* _WHAT IS EXPECTED_
When you copy the entries, omit the images and keep every word as it is.

☆ ☆ ☆ ☆ ☆

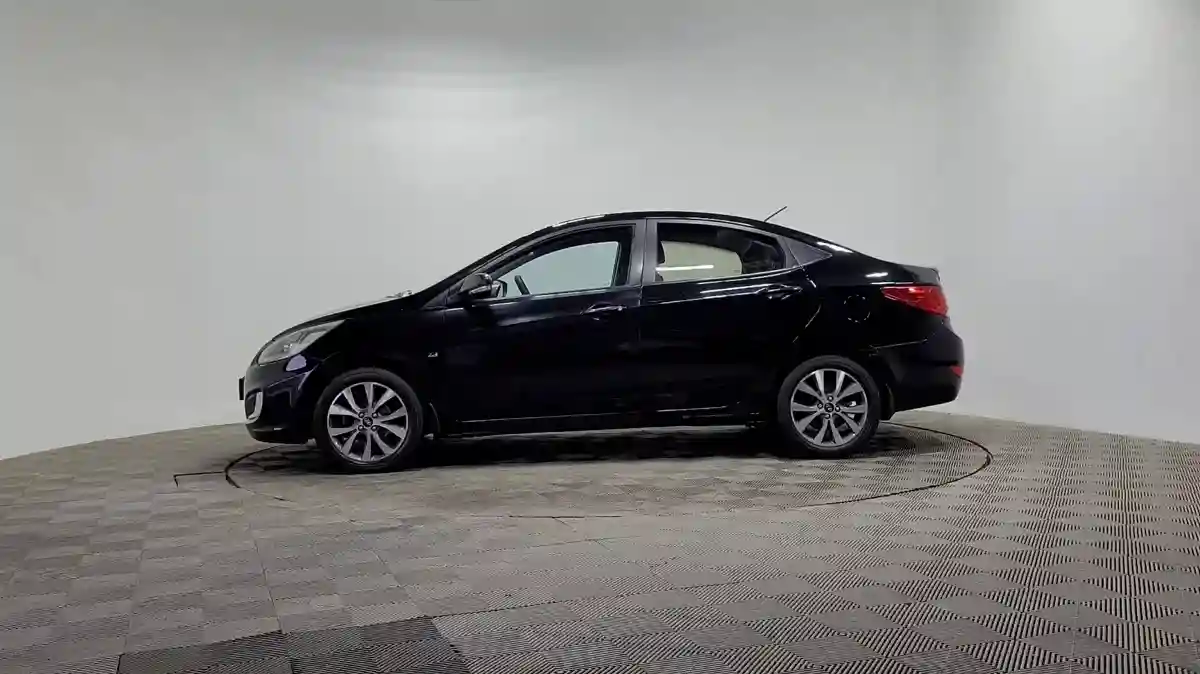 Hyundai Accent 2013 года за 5 890 000 тг. в Алматы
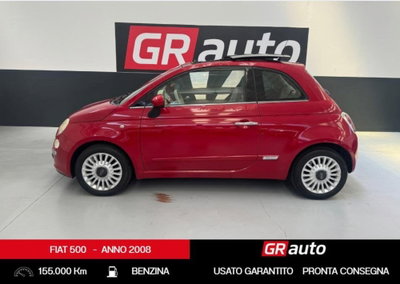 Fiat 500 1.2 Dualogic Dolcevita usata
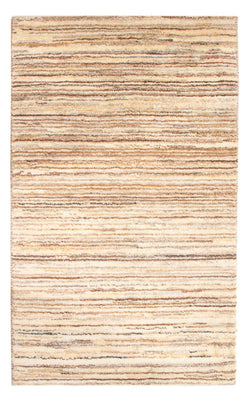 Gabbeh tapijt - Perzisch - 96 x 58 cm - licht beige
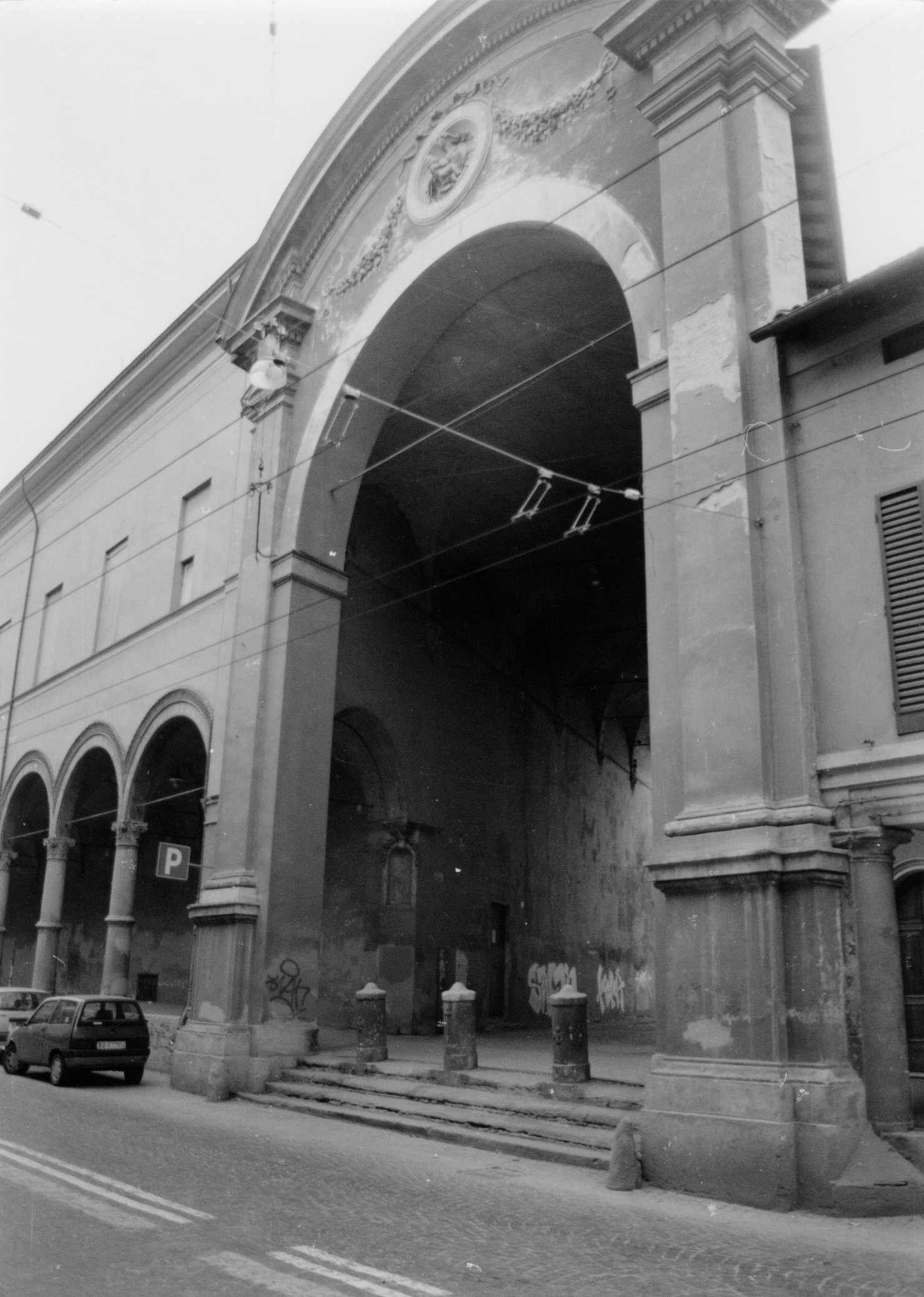 Collegio del Baraccano (ospizio) - Bologna (BO) 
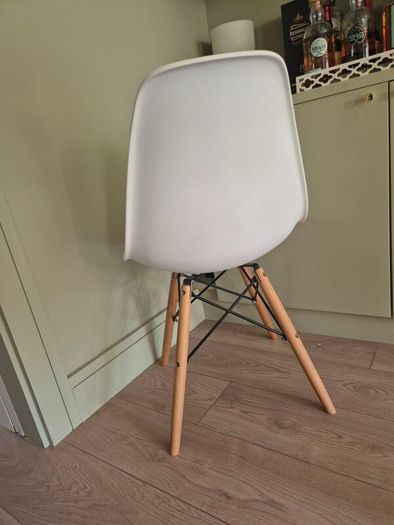 eames style dining chairs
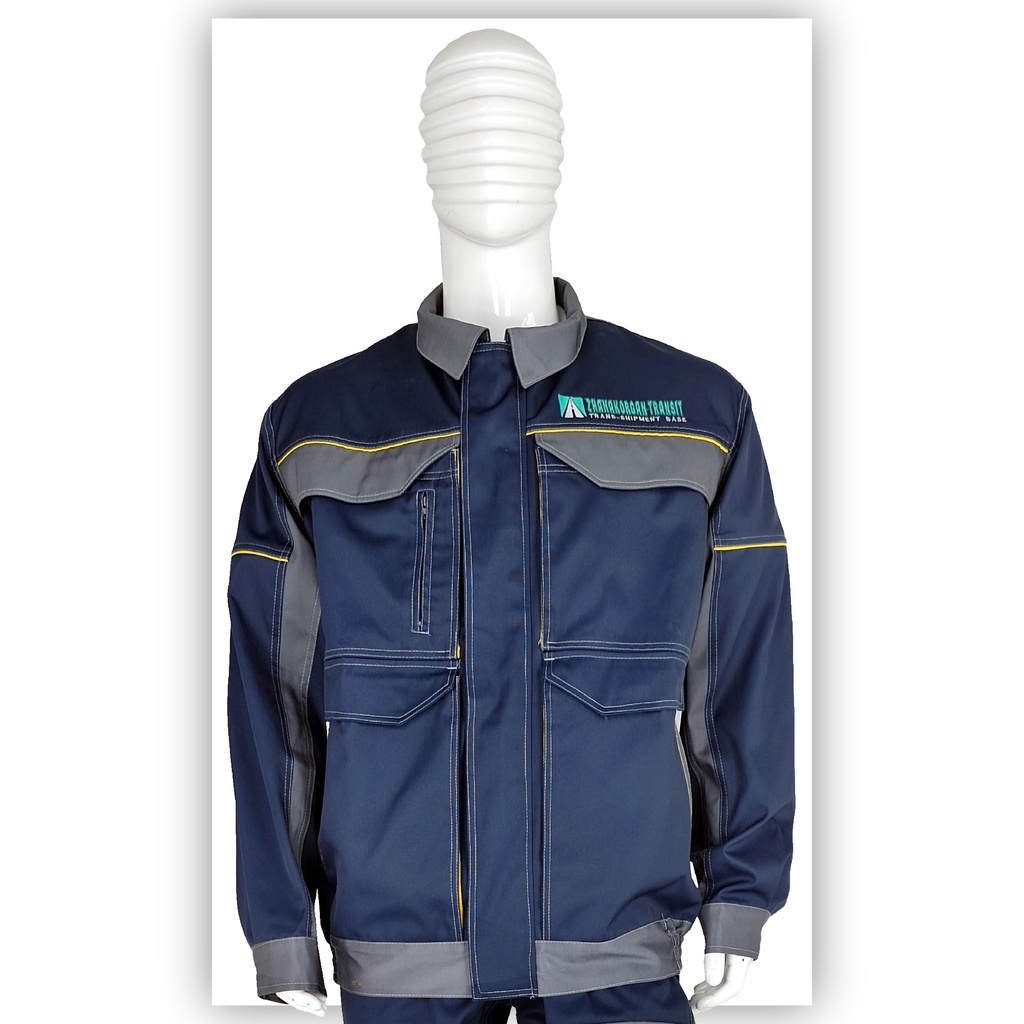 Light GreyHound GI-1 Work jacket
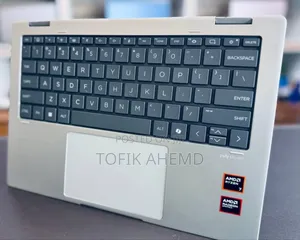 Photo - New Laptop HP Envy X360 16GB AMD Ryzen 7 SSD 1T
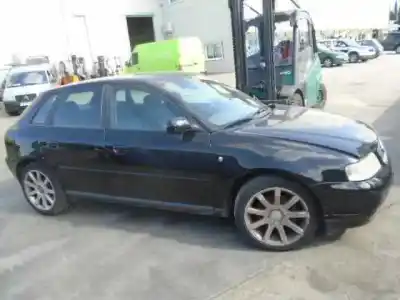 Утилизация автомобиля audi a3 (8l1) 1.8 t года 2003 питание arz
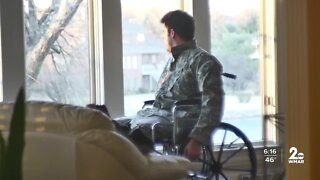 Voice for Veterans: National non-profit helps veterans through therapy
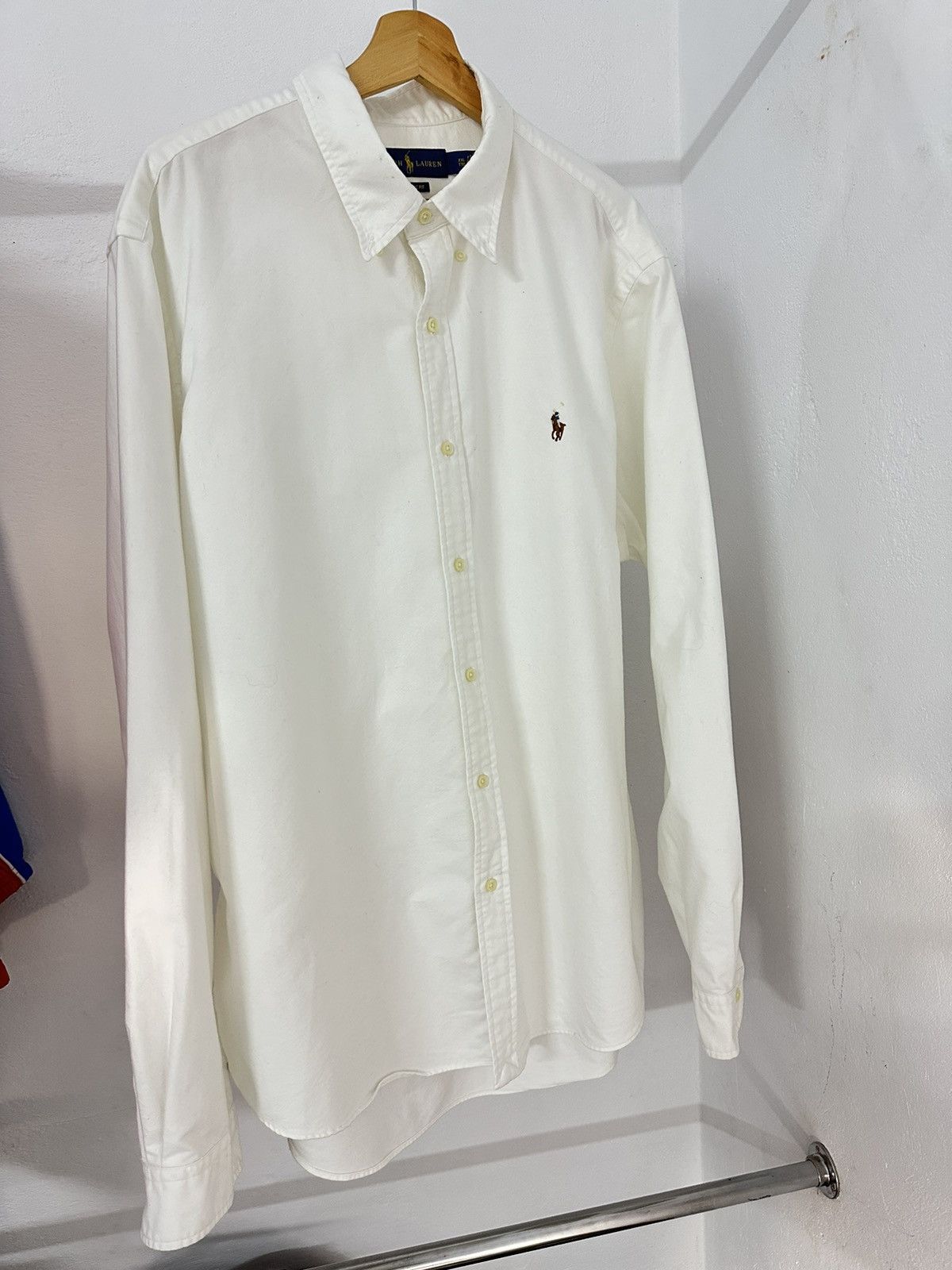 Polo Ralph Lauren × Ralph Lauren Polo Ralph Lauren shirt Size US XXL / EU 58 / 5 - 1 Thumbnail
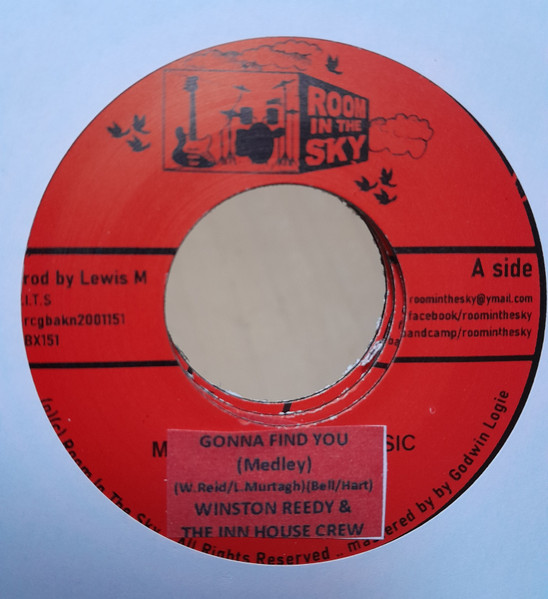 Winston Reedy - Gonna Find You (Medley) | R.I.T.S (MBX137) - main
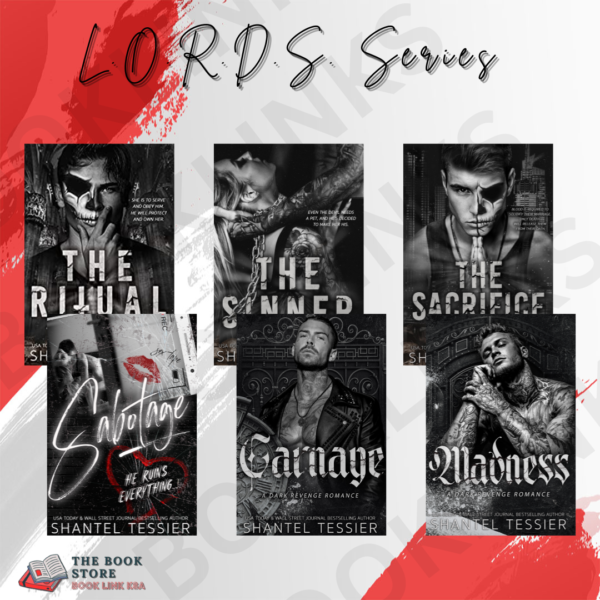 L.O.R.D.S. Series by Shantel Tessier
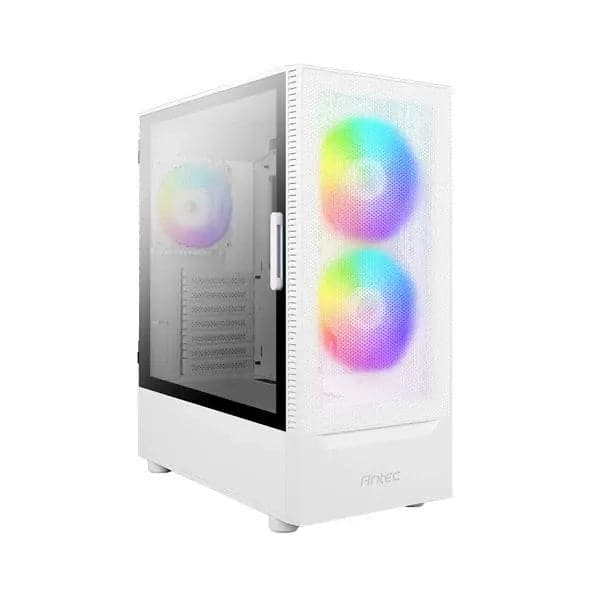ANTEC NX410 ATX Mid Tower Cabinet (White)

☆ ☆ ☆ ☆ ☆

* _RESPONSE_
 Hyundai Accent 2013 года за 5 890 000 тг. в Алматы
 Fiat 500 1.2 Dualogic Dolcevita usata
 Gabbeh tapijt - Perzisch - 96 x 58 cm - licht beige
 Collegio del Baraccano (ospizio) - Bologna (BO) 
 eames style dining chairs
 Light GreyHound GI-1 Work jacket
 Photo - New Laptop HP Envy X360 16GB AMD Ryzen 7 SSD 1T
 Утилизация автомобиля audi a3 (8l1) 1.8 t года 2003 питание arz
 Voice for Veterans: National non-profit helps veterans through therapy
 Polo Ralph Lauren × Ralph Lauren Polo Ralph Lauren shirt Size US XXL / EU 58 / 5 - 1 Thumbnail
 Winston Reedy - Gonna Find You (Medley) | R.I.T.S (MBX137) - main
 L.O.R.D.S. Series by Shantel Tessier
ANTEC NX410 ATX Mid Tower Cabinet (White)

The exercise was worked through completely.